Lanxess AG
- Type: Aktiengesellschaft (Public)
- Traded as: FWB: LXS; MDAX Component;
- Industry: Chemicals
- Predecessor: Bayer Chemicals
- Founded: 1 July 2004; 22 years ago
- Headquarters: Cologne, Germany
- Key people: Matthias Zachert [de] (CEO and Chairman of the Board of Management); Rolf Stomberg (Chairman of the Supervisory Board);
- Products: polymers, intermediates and specialty chemicals
- Revenue: €7.2B (2018)
- Operating income: ▲€464 million (2016)
- Net income: ▲€192 million (2016)
- Number of employees: 14,000
- Website: lanxess.com

= Lanxess =

German chemical company

Lanxess AG is a German specialty chemicals company based in Cologne, Germany. It was founded in 2004 after Bayer AG spun off its chemicals division and parts of its polymers business.

== History ==
The company's roots trace back to 1863, with the founding of Bayer AG. In November 2003, as part of a major restructuring, the Bayer Group decided to spin off a significant portion of its chemical activities, along with approximately one-third of its polymer business, into an independent entity.

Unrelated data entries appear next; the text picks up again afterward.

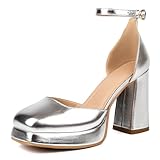 XIEDA Women's Silver Platform Heels High Chunky Block Heels Ankle Strap Closed Toe Pumps Shoes (8, Silver)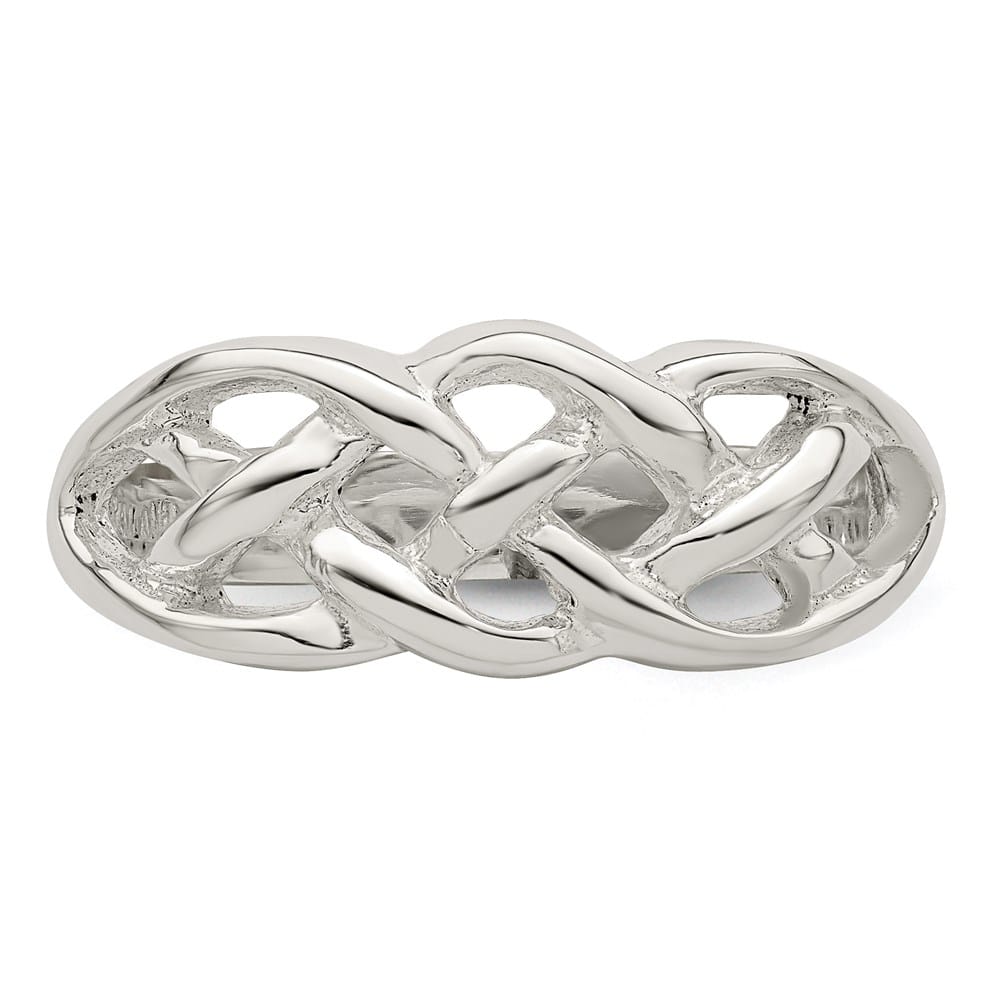 Sterling Silver Polished Woven Celtic Pattern Top Ring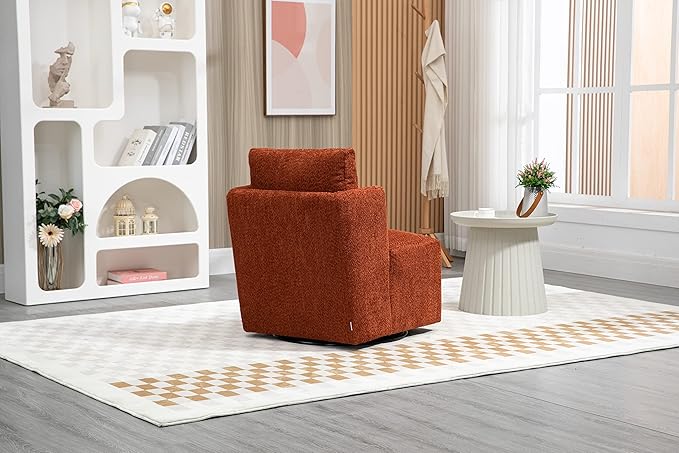 Swivel Barrel Chair Comfy Round Accent Sofa Chair for Living Room 360 Degree Swivel Barrel Club Chair Leisure Arm Chair for Nursery Hotel Bedroom Office Lounge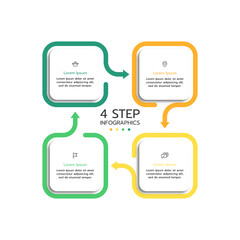 A cyclical infographic template showcasing a four-step process with interconnected green and yellow rounded square elements. Vector illustration.
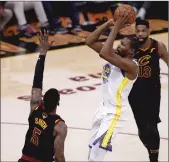  ?? Tribune News Service ?? The Golden State Warriors’ Kevin Durant takes a shot against the Cleveland Cavaliers’ JR Smith during NBA Finals on June 6.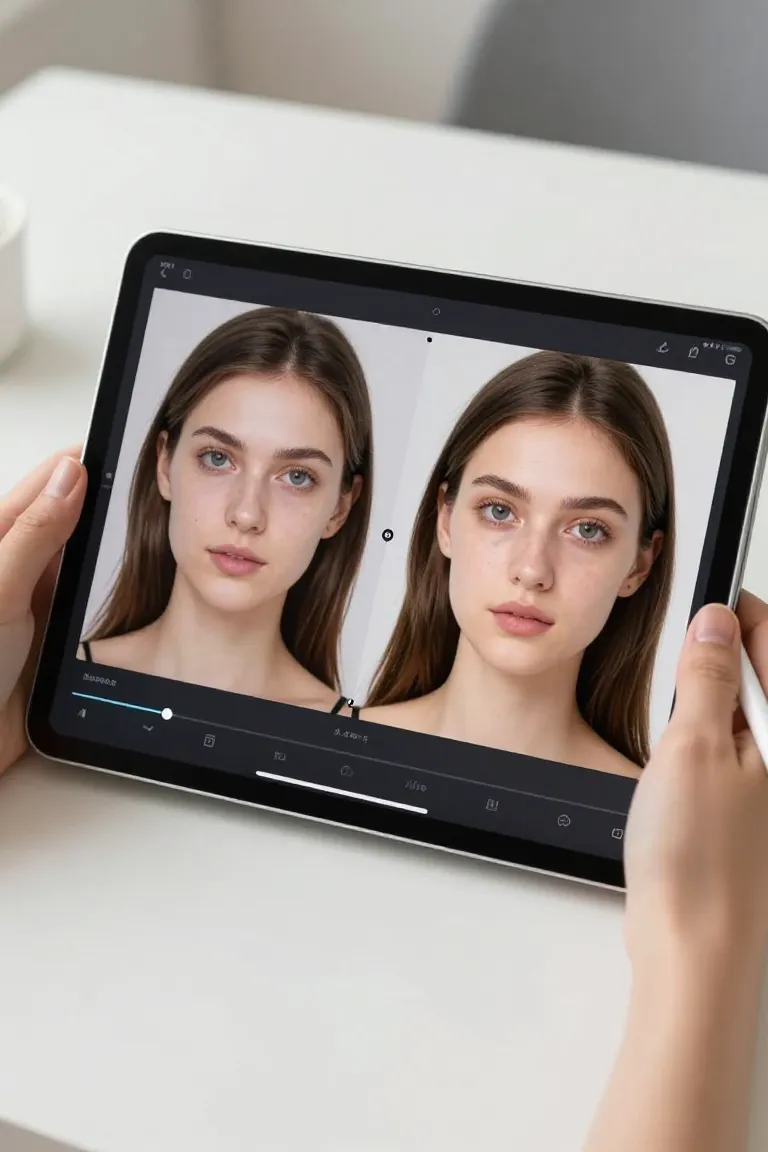 face swap ipad — exemplo criado na Influenciador IA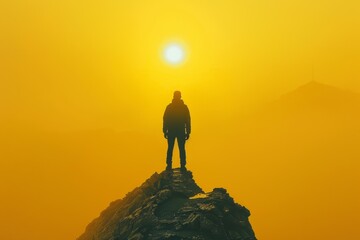 Silhouette of Man on Mountain Top Yellow BG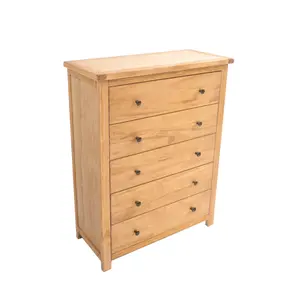 Lugo 5 Drawer Chest of Drawers Brass Knob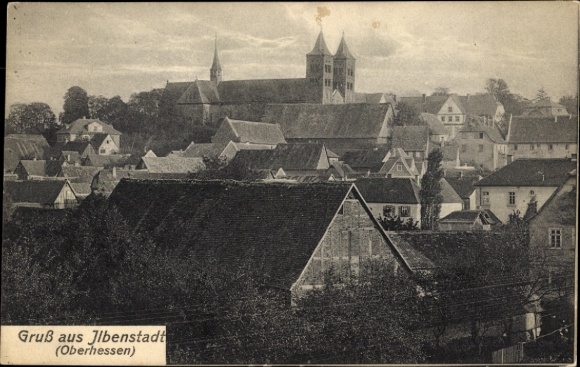 Postcard Ilbenstadt Niddatal in Hesse, view from the west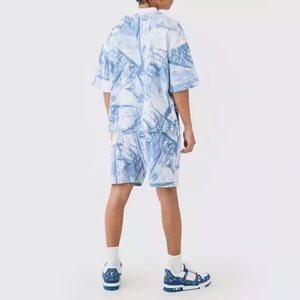 Ensemble chemise décontractée, légère, respirante, short et survêtement personnalisés pour hommes ensemble t-shirt et short pour hommes de grande taille - Product Image 1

Lanxess internally established its new structure on 1 July 2004. In November 2004, at an Extraordinary General Meeting of Bayer AG in Essen, over 99 percent of the capital present voted in favor of the spin-off of Lanxess from Bayer.

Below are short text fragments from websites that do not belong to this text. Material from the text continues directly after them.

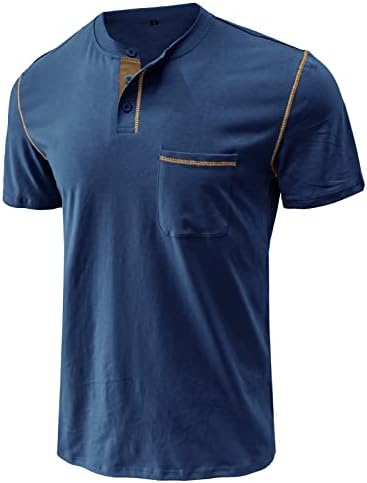 M&F Evenmine mass moda de moda casual Placket básico de manga longa/curta Henley camisetas Button Cotton Pocket Camiseta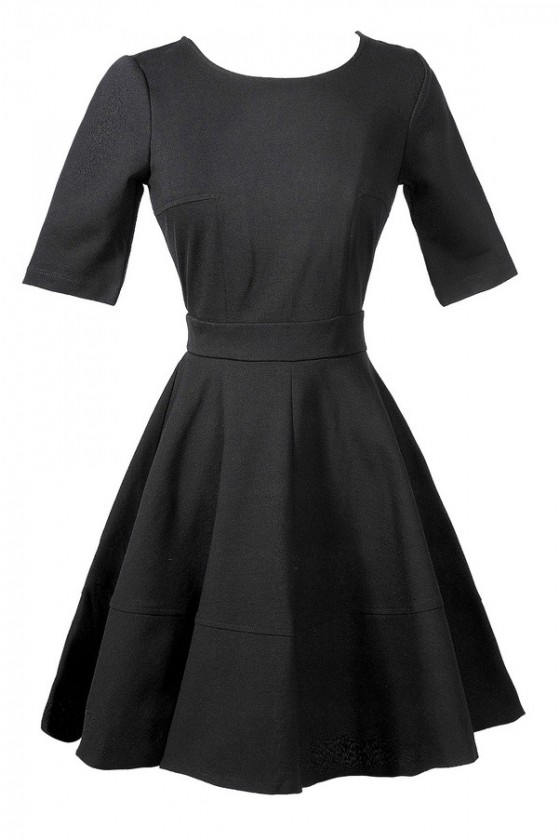 long black fit and flare dress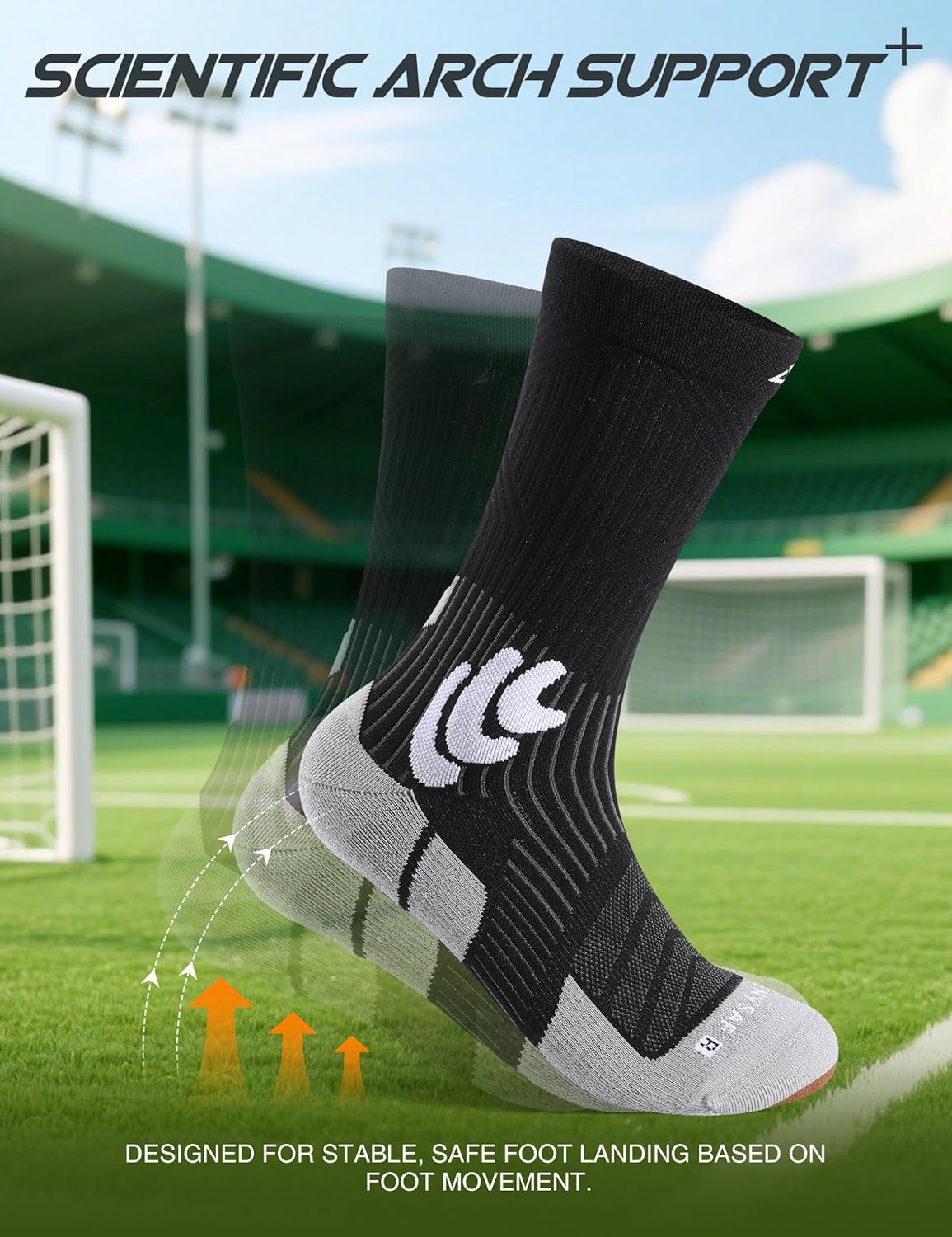 Men's Compression Running Socks: Coolmax Athletic Crew Socks Moisture Wicking Anti-Blister Cushion for Hiking 3 Pairs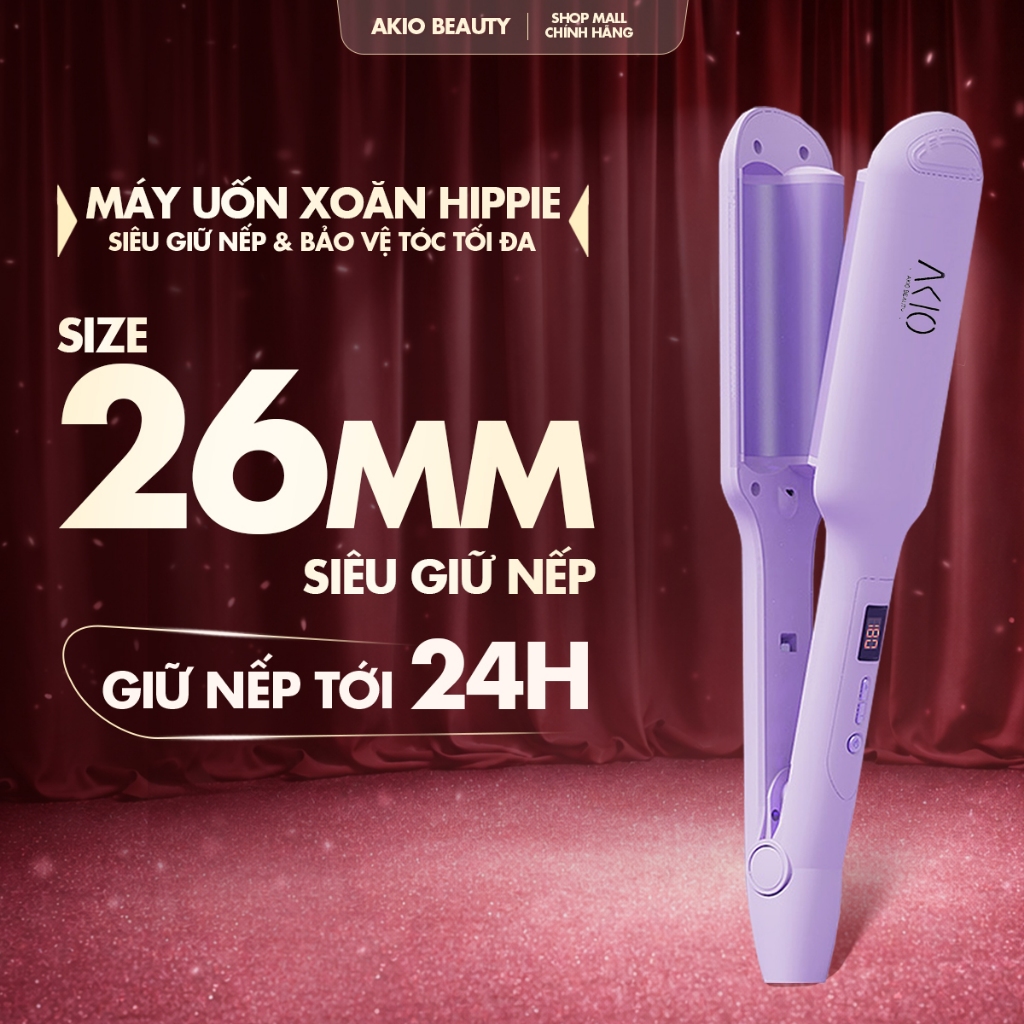 Máy Uốn Tóc Hippie  AKIO BEAUTY  2 trục  26mm, Công Nghệ Ion Âm, Phủ Men Gốm, Làm Nóng Nhanh 10s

Lanxess AG shares were listed on Germany’s DAX from 24 September 2012 to 21 September 2015, and are currently part of MDAX, a mid-cap index. The company is also listed on the Dow Jones Sustainability Index and FTSE4Good Index.

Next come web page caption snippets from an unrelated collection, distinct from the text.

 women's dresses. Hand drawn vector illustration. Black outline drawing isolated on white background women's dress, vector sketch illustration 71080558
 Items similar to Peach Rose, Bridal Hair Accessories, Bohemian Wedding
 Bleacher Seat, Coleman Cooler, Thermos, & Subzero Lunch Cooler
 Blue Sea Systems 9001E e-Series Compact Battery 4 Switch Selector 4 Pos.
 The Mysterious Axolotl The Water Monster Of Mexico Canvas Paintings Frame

In 2016, the company shifted its focus to the market for additives, specifically for lubricants and fire retardants, through the acquisition of Chemtura and by placing its rubber business into a joint venture with Aramco.

In February 2020, Lanxess acquired Brazilian biocide manufacturer Itibanyl Produtos Especiais Ltda. (IPEL).

In July 2022, Lanxess finalized its acquisition of International Flavors & Fragrances' microbial control unit for US$1.3 billion.